▸ **RECORDS**:
:::

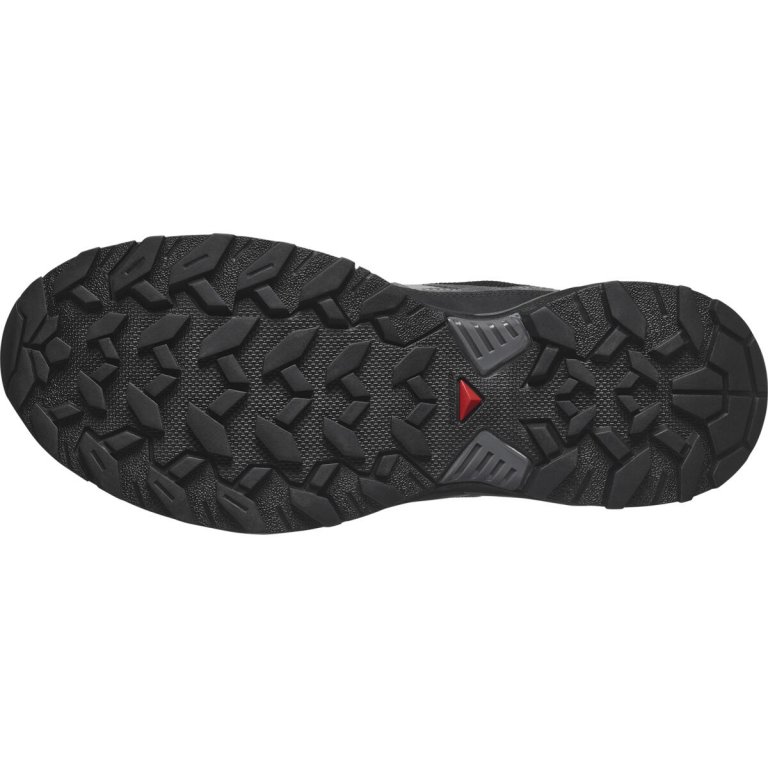 Взуття Salomon X Ultra 360 Ltr GTX M - сірий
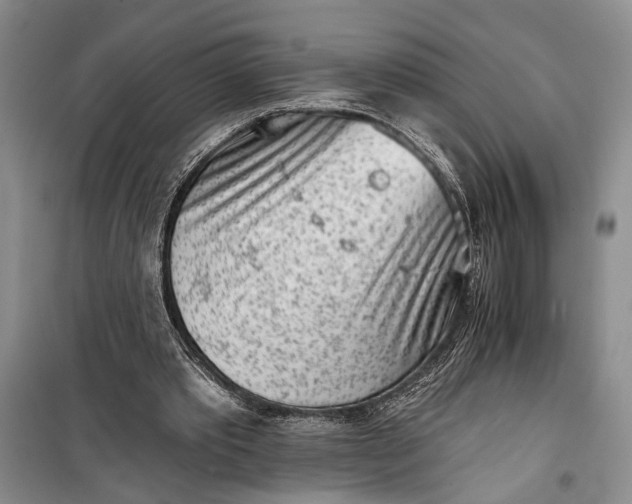 X0000100200389200806131234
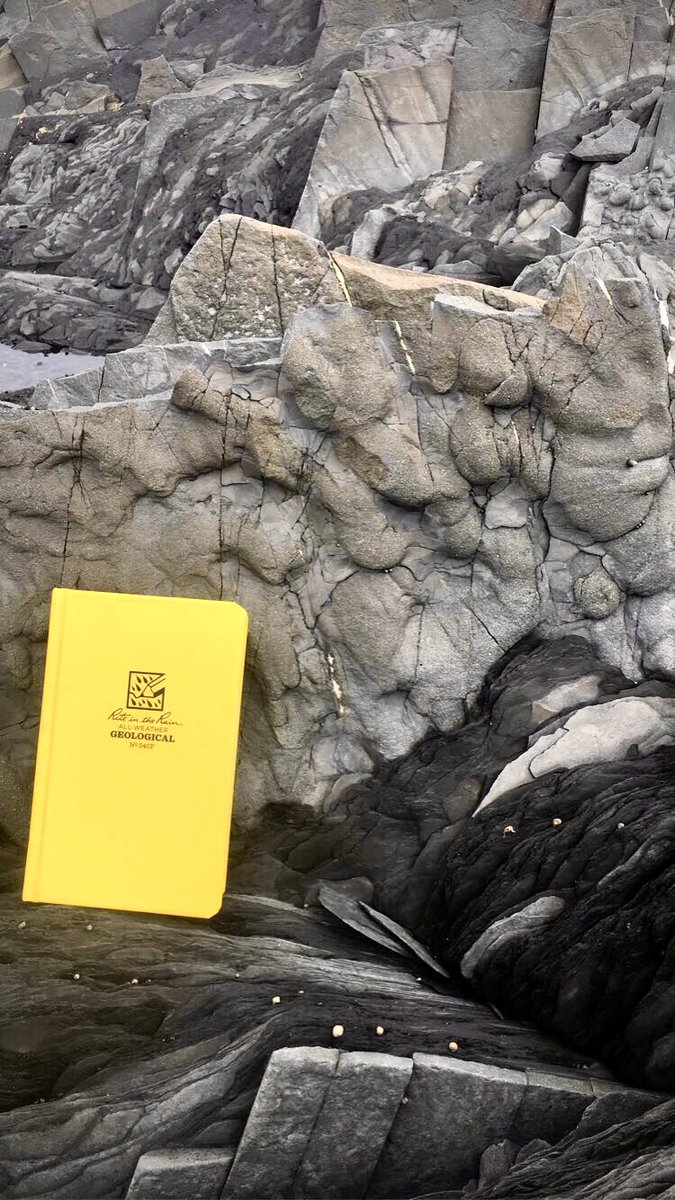 HBrommecker's tweet photo. I’m missing the field a little extra today. Thought you all might appreciate this wicked photo of flute casts at the bottom of a turbidite bed. #Fieldwork #Takemeback #CloridormeFormation https://t.co/kfPCHBnqzR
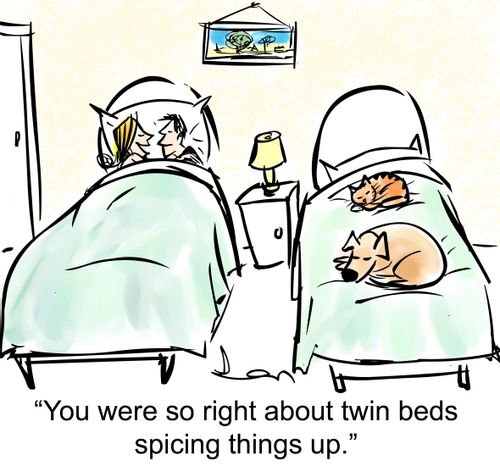 'You were so right about twin beds spicing things up.'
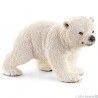 Ourson polaire - Wild Life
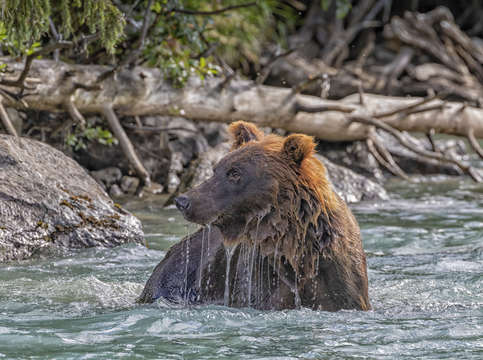 Bear bath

:::

▸ **EXERCISE REQUIREMENTS**: Exact copy, pictures removed: set down the whole listing above.

▸ **EXERCISE ANSWER**:
 Взуття Salomon X Ultra 360 Ltr GTX M - сірий
 X0000100200389200806131234
 HBrommecker's tweet photo. I’m missing the field a little extra today. Thought you all might appreciate this wicked photo of flute casts at the bottom of a turbidite bed. #Fieldwork #Takemeback #CloridormeFormation https://t.co/kfPCHBnqzR
 'You were so right about twin beds spicing things up.'
 Ourson polaire - Wild Life
 Bear bath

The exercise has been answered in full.